Brendan O’Neill Brendan O’Neill

War on Iran was not ‘unprovoked’

Anti-war protesters take to the streets in London (Getty images)

I’ve been thinking a lot about the phrase “unprovoked war.” It’s been rolling off leftist tongues since the explosion of hostilities in Iran. This week, Jeremy Corbyn, Zarah Sultana and scores of hoary peaceniks wrote a letter to the Guardian insisting Britain should have nothing to do with America and Israel’s “unprovoked war” in Iran.

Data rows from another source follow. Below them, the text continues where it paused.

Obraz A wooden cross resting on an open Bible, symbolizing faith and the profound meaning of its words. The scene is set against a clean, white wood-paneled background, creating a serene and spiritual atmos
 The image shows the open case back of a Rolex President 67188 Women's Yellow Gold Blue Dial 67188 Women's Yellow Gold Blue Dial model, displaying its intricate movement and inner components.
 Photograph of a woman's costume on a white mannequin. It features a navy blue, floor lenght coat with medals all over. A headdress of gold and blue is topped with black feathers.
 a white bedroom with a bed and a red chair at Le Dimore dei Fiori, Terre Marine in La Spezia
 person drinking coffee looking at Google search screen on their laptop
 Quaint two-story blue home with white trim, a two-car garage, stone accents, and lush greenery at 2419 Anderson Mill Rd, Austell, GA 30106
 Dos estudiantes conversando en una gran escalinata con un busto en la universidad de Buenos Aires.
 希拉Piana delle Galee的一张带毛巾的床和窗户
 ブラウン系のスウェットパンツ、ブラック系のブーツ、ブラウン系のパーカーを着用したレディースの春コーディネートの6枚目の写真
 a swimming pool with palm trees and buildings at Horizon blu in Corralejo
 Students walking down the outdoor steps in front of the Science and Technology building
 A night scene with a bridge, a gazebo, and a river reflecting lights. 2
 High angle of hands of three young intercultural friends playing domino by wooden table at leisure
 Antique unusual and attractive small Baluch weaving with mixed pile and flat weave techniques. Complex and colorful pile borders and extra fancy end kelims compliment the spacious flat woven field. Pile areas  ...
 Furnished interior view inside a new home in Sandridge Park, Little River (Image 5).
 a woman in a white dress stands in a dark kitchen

Trump’s noisy doubters and Israel’s legion haters are using language as a weapon

Here’s my question: is the rape and murder of Jews not a provocation? Was the worst anti-Jewish atrocity since the Holocaust – 7 October – not a provocation? The tyrants of Tehran were the paymasters of the jihadist brutes who carried out that slaughter. They lavished guns and training on that army of anti-Semites that invaded Israel by air, sea and land not even three years ago. That wasn’t a provoking act?

Is it not a provocation to rain thousands of missiles onto a neighboring country? Is it not a provocation to subject a nation to a ballistic swarm that causes the displacement of tens of thousands of civilians and the deaths of scores of innocents, including 12 Druze kids playing football? That’s what Hezbollah has done these past three years. Hezbollah received hundreds of millions of dollars from the Islamic Republic to pursue precisely such violent badgering of the Jewish state. That isn’t a provocation?

You can say many things about America and Israel’s war in Iran. Some say it’s valiant, others that it’s reckless. But one thing you can’t say, not if you want to be taken seriously, is that it is “unprovoked.” Unless, of course, you think the mass murder of Jews should have no repercussions. That, just like in the 1930s, or the 1490s, mobs of anti-Semites should be free to kill Jews with impunity. If I were you, I’d keep that view to myself.

Traditionally it was the pursuers of war who engaged in linguistic trickery to justify their actions or disguise their true motives. Tariq Ali calls it the “grammar of deceit.” Today, such semantic duplicity is more readily found among war’s opponents.

Indeed, President Trump, in contrast with his predecessors who dolled up their warmaking as “peacekeeping,” has spoken with uncommon frankness about the nature of war. He has told of the “death, fire and fury” that will be visited upon the Iranian regime. Ugly, but honest. It’s the other side, Trump’s noisy doubters and Israel’s legion haters, who are using language as a weapon not of clarification but of concealment.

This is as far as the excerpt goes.